TO DO :: With pictures omitted, output the records below exactly as they appear.

****************

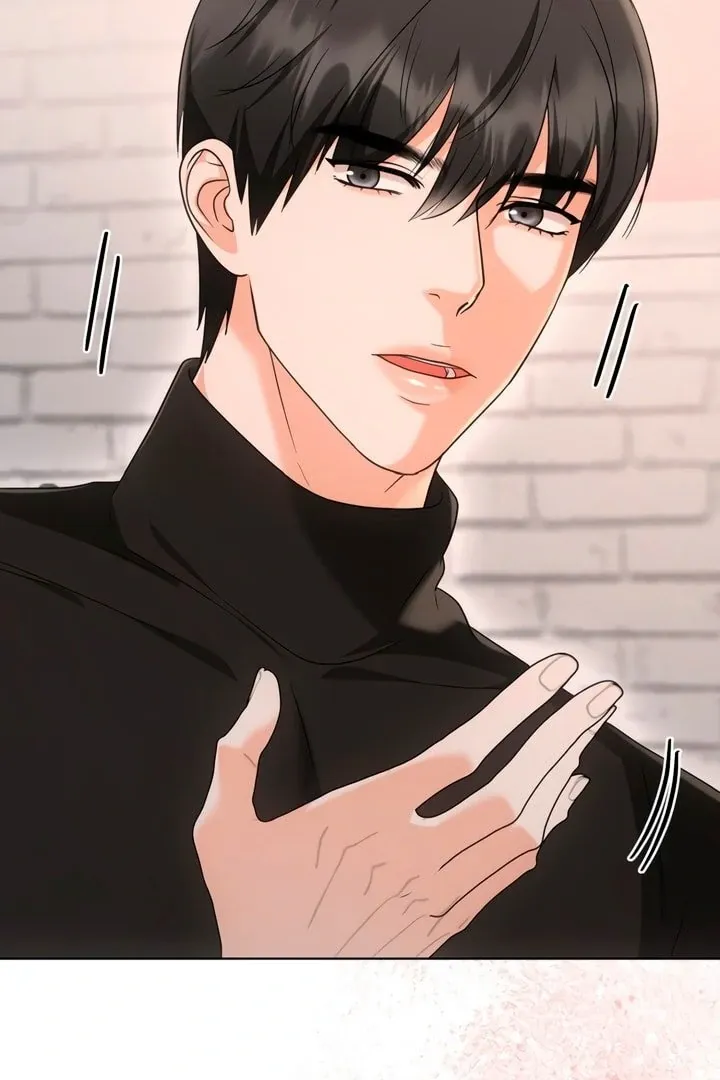 Read Decision To Be Abandoned chapter 18 image 74 on Lezhin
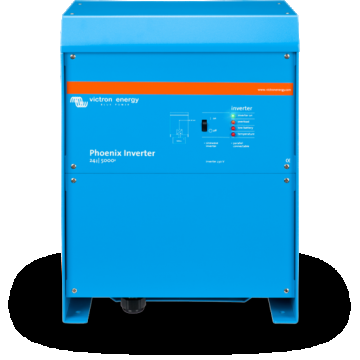 Invertor   Inverter 48V 5000Va Victron Energy Phoenix Inverter 48 5000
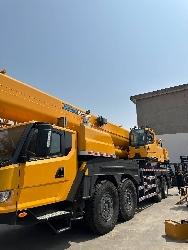 XCMG XCT 80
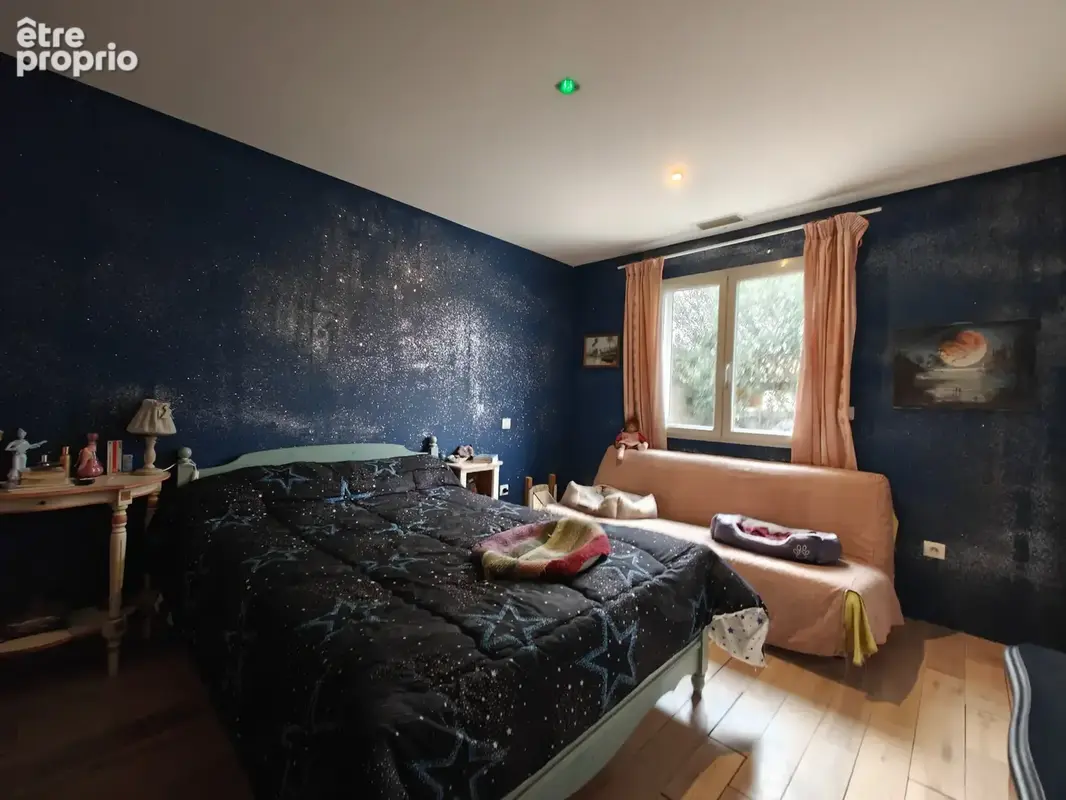 Proche couiza-villa moderne de 136m2 avec jardin arboré terrasse couverte et garage - photo 12
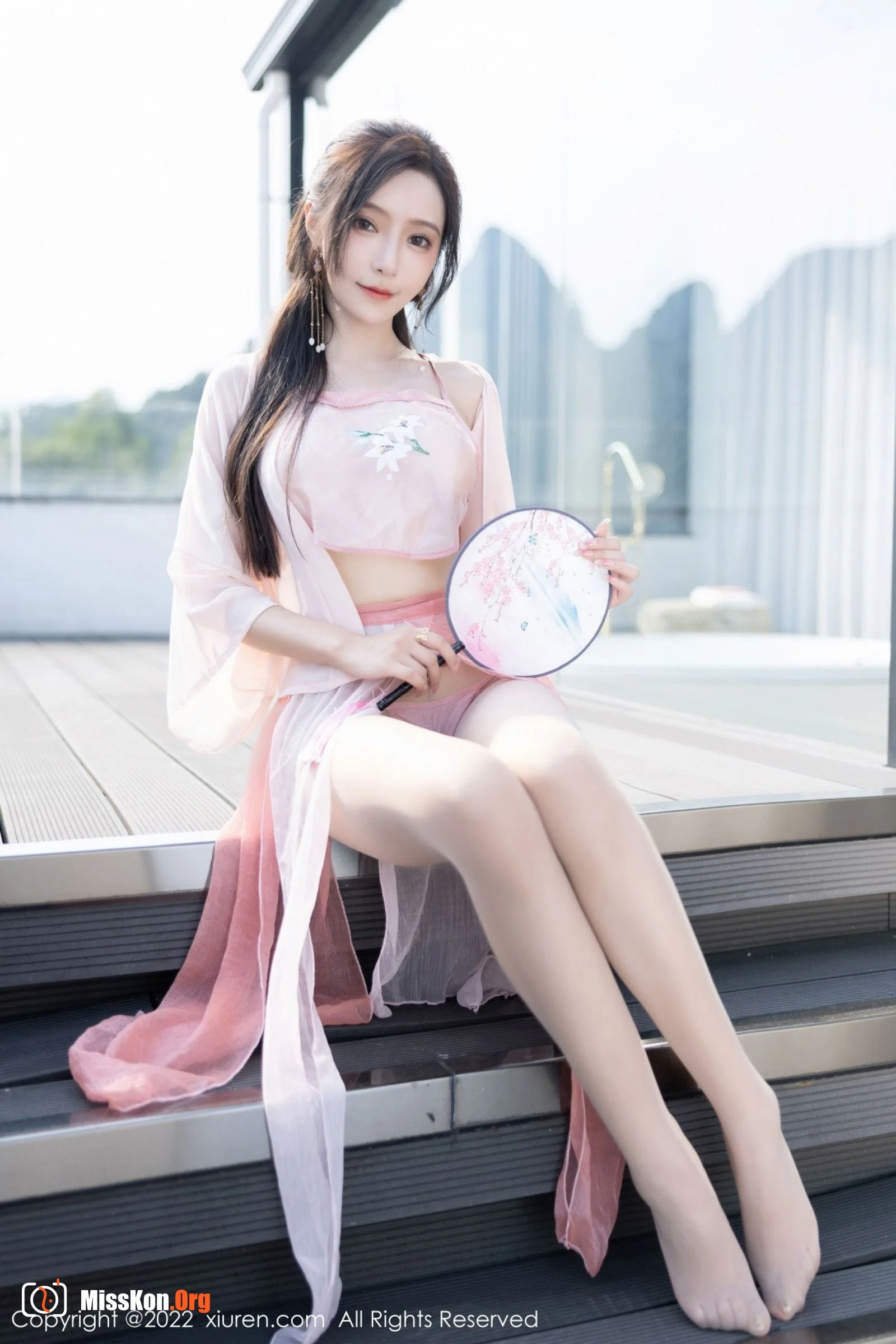 Wang Xinyao - Photo 7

****************

RESPONSE TO THE EXERCISE ::
 Read Decision To Be Abandoned chapter 18 image 74 on Lezhin
 Invertor   Inverter 48V 5000Va Victron Energy Phoenix Inverter 48 5000
 XCMG XCT 80
 Proche couiza-villa moderne de 136m2 avec jardin arboré terrasse couverte et garage - photo 12
 Wang Xinyao - Photo 7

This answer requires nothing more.